**YOUR INSTRUCTIONS:** Write out the data that follows exactly, keeping every picture out.

**DATA BELOW:**
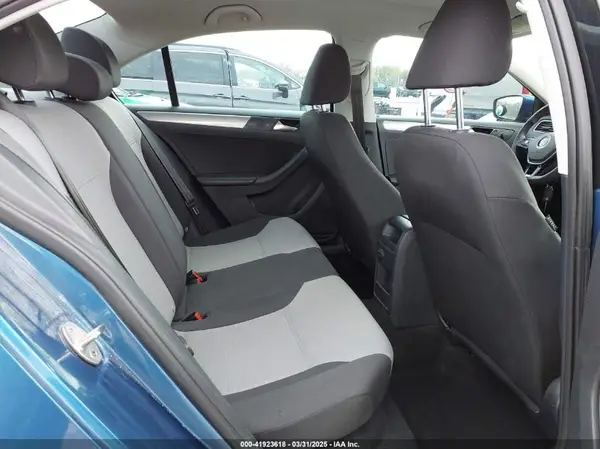 3VW2B7AJ7HM213780 2017 VOLKSWAGEN JETTA - Image 8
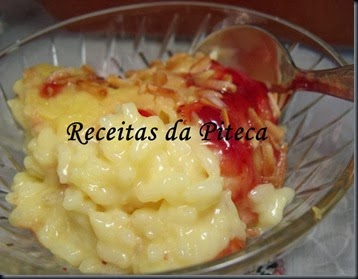 Arroz doce de laranja, doce de morango e amêndoas-empratado perto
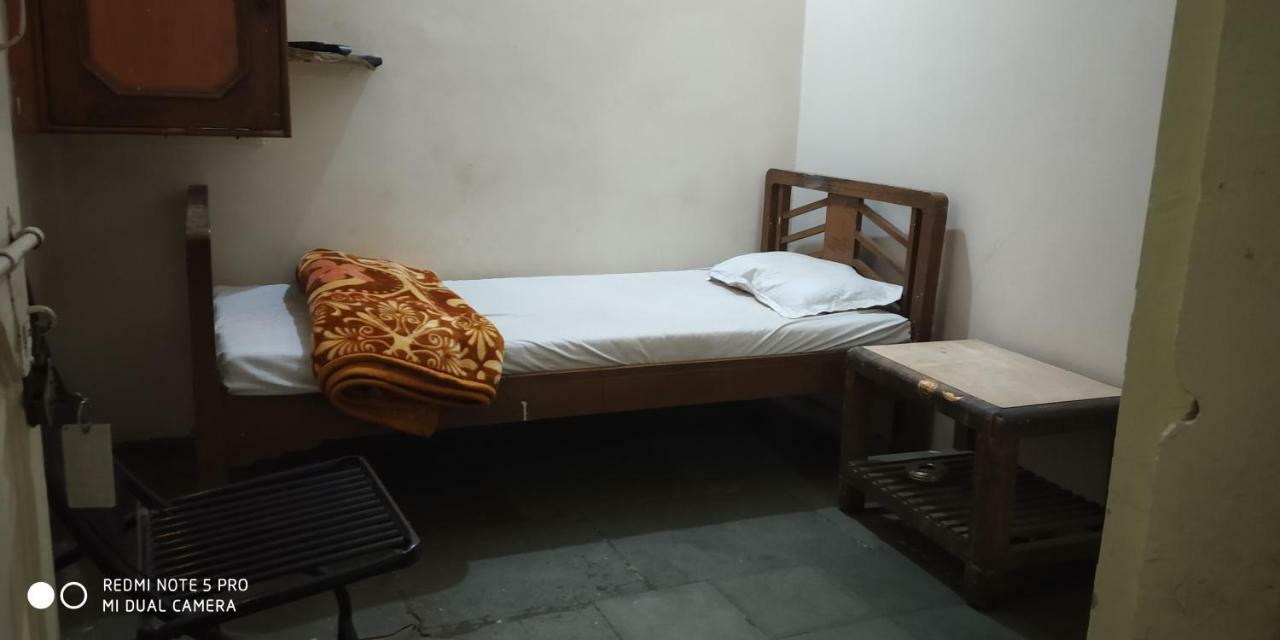 Hotel Uttam Nivas Ahmedabad Exterior foto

**YOUR SOLUTION:**
 3VW2B7AJ7HM213780 2017 VOLKSWAGEN JETTA - Image 8
 Arroz doce de laranja, doce de morango e amêndoas-empratado perto
 Hotel Uttam Nivas Ahmedabad Exterior foto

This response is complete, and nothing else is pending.